Let's say I have dataframe and vector such as :
dataframe = DataFrame(Data1 = rand(10), Data2 = rand(10));
Data3 = rand(10)
I want to add Data3 to the dataframe such as:
Data1 Data2 Data3
Float64 Float64 Float64
1 0.757345 0.903133 0.502133
2 0.294749 0.327502 0.323133
3 0.156397 0.427323 0.123133
In Python, I can just df["Data3"] = Data3 to add column, but in Julia dataframe, df[!,Data3] = Data3 returns :
- MethodError: no method matching setindex!(::DataFrame, ::Vector{Float64}, ::typeof(!), ::Vector{Float64})

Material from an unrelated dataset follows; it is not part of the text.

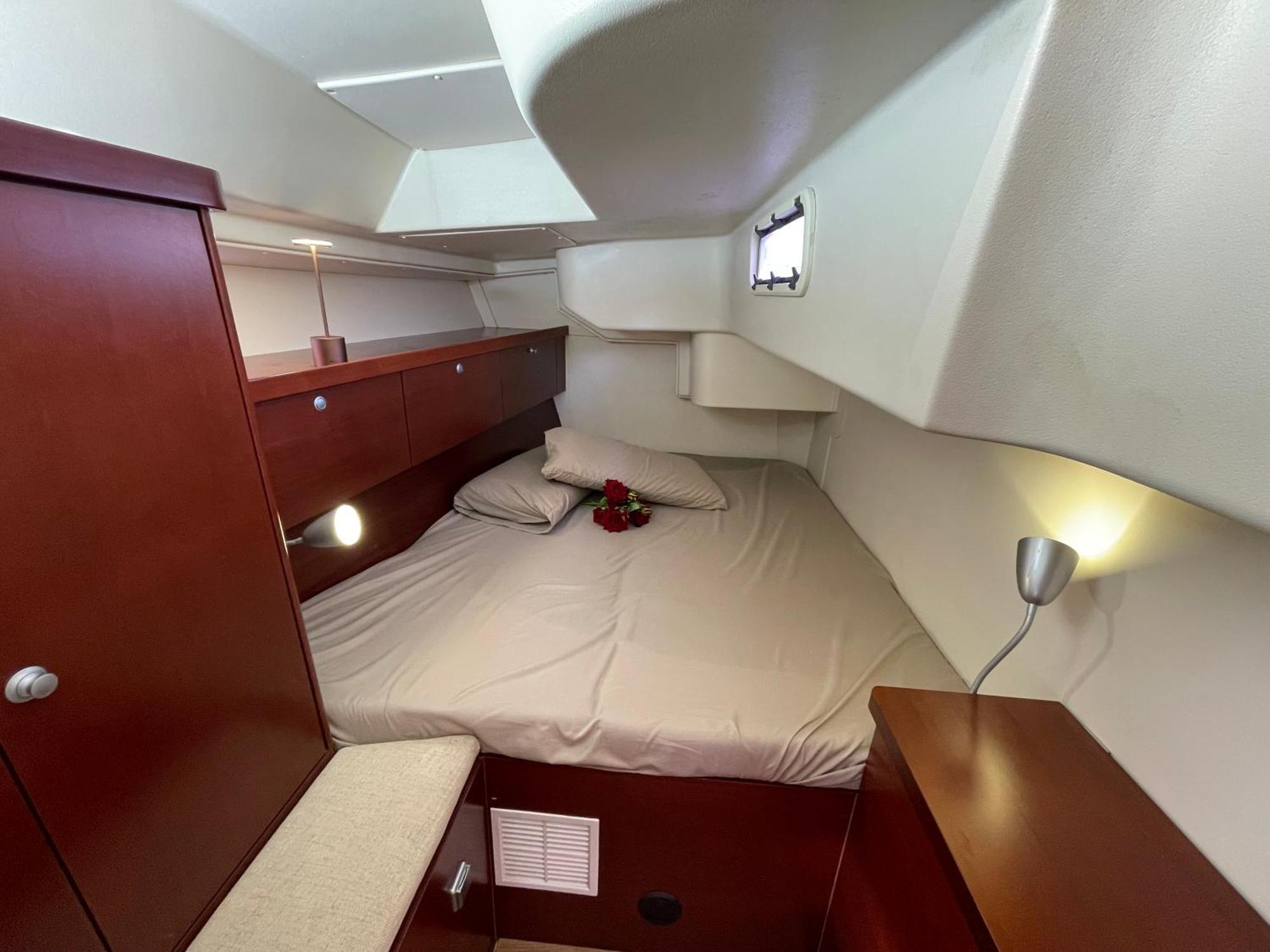 Venice Boat Tour With Aperitif And Music Included On A Sailing Boat Venetië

Also I've checked this solution, but this gave me :
- ArgumentError: syntax df[column] is not supported use df[!, column] instead.
How can I add vector as a new column in Julia Dataframe?

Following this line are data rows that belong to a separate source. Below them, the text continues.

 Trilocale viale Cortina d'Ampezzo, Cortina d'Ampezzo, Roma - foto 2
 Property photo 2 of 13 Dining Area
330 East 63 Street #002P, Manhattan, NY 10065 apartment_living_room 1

CodePudding user response:
You were almost there, you are looking for:
dataf[!, :Data3] = Data3
or
dataframe[!, "Data3"] = Data3
or
dataframe.Data3 = Data3
note that I'm using a Symbol or String here - the [!, :Data3] is an indexing operation, so it needs an identifier of the row (!) and column (:Data3) index where you want the data to be stored, not the data itself.

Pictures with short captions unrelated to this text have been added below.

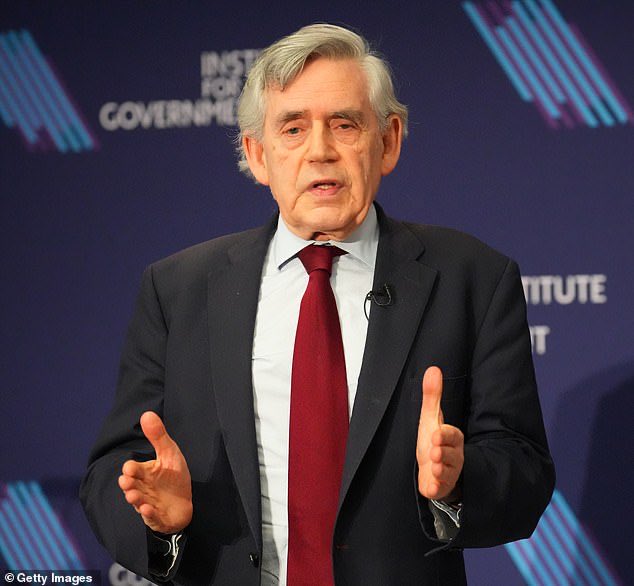 Gordon Brown's decision to sell off Britain's gold reserves in 1999 has cost the country £21 billion - analysis by the Conservative Party suggests. The dope sold 401 tons of gold – more than half of the UKs holding at the lowest price in 20 years – $261 an ounce - compared with…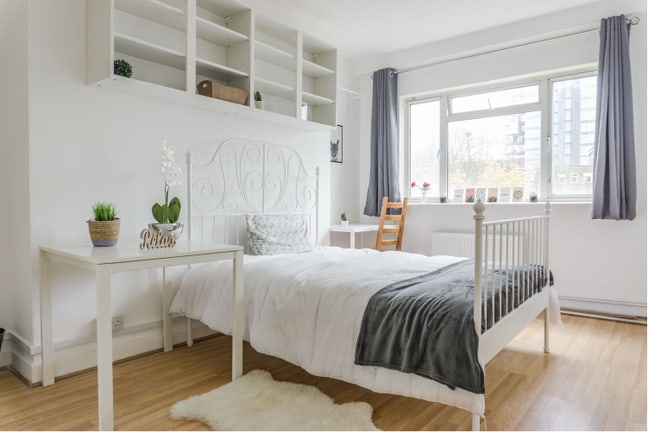 Amazing Double Room with Balcony 😍 Old Street 😍 Main Photo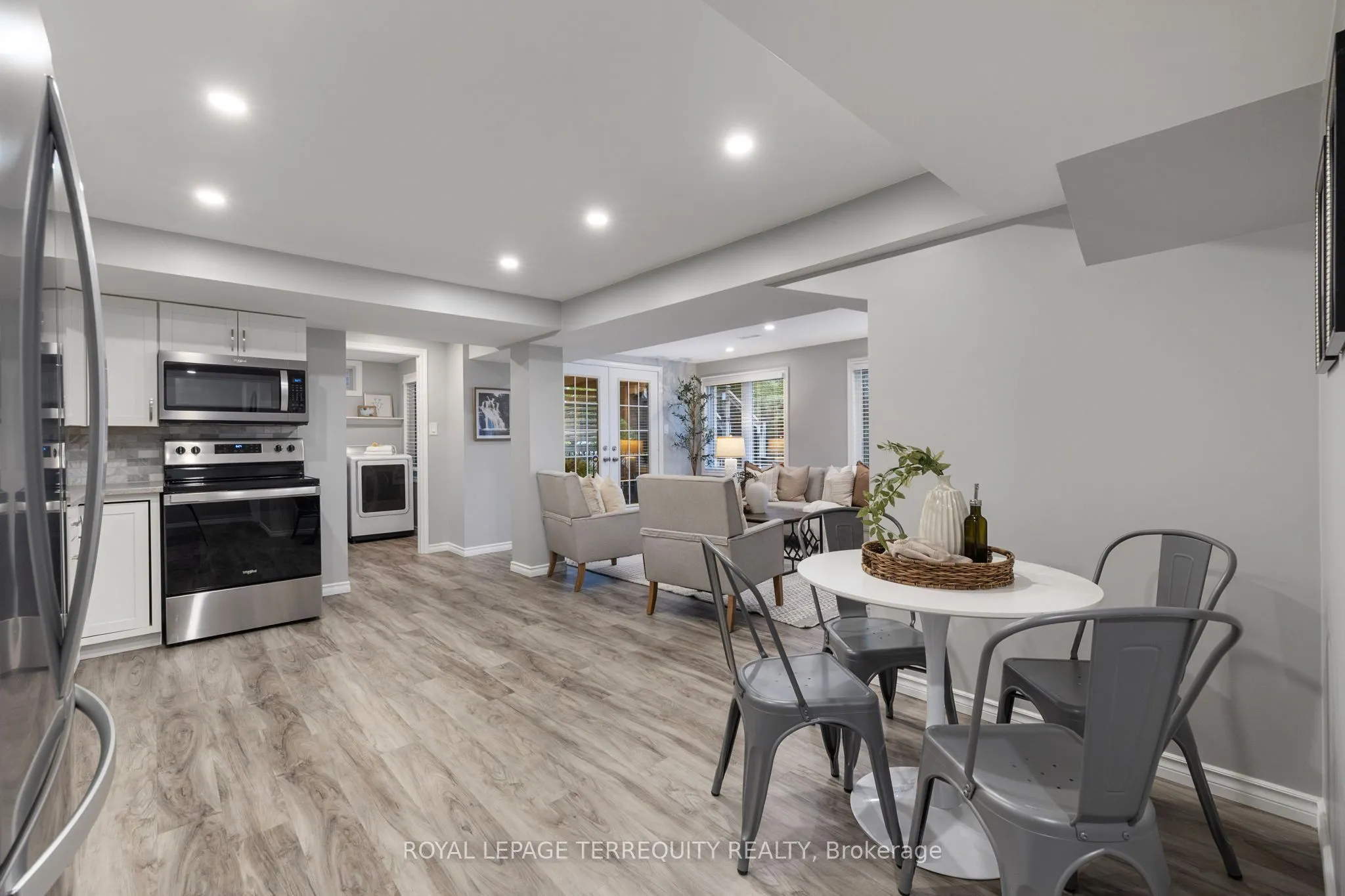 55 Splendor Drive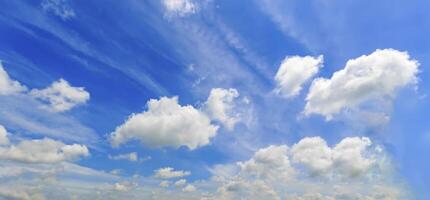 azurblau Himmel mit Weiß Wolken foto
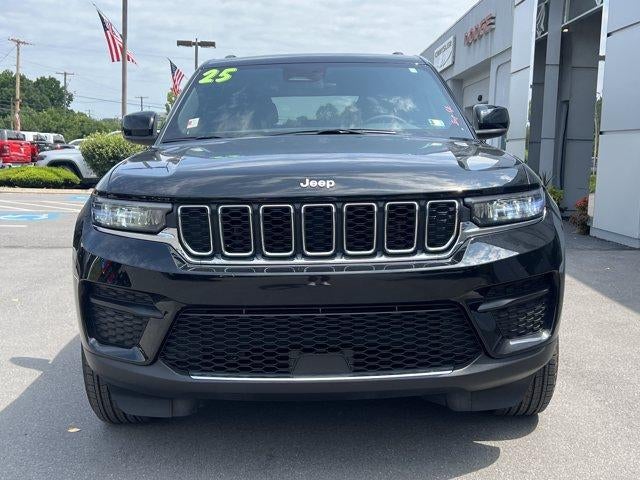 2025 Jeep Grand Cherokee Laredo X 4x4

You are binding the actual data (a 10-element vector of random numbers) to the variable Data3, so doing dataframe[!, Data3] with the variable Data3 (rather than a Symbol or String with the value "Data3") is equivalent to doing
dataframe[!, rand(10)]
which means "I want to access all rows (!) of a DataFrame, and 10 columns identified by 10 random numbers". Now indexing by a random floating point number doesn't make a lot of sense (what should dataframe[!, 0.532] return?) which is why you get the error you see - setindex does not accept a Vector{Float} as an argument.
Regarding the Discourse thread you linked, it is very old and the df["col"] syntax has been deprecated a long time ago. The basic indexing concept in DataFrames is that a DataFrame is a two-dimensional data structure, and as such should be indexed by df[row_indices, col_indices].
DataFrames supports a variety of ways of specifying valid indices, which are too numerous to go into detail here but are listed in the docs here.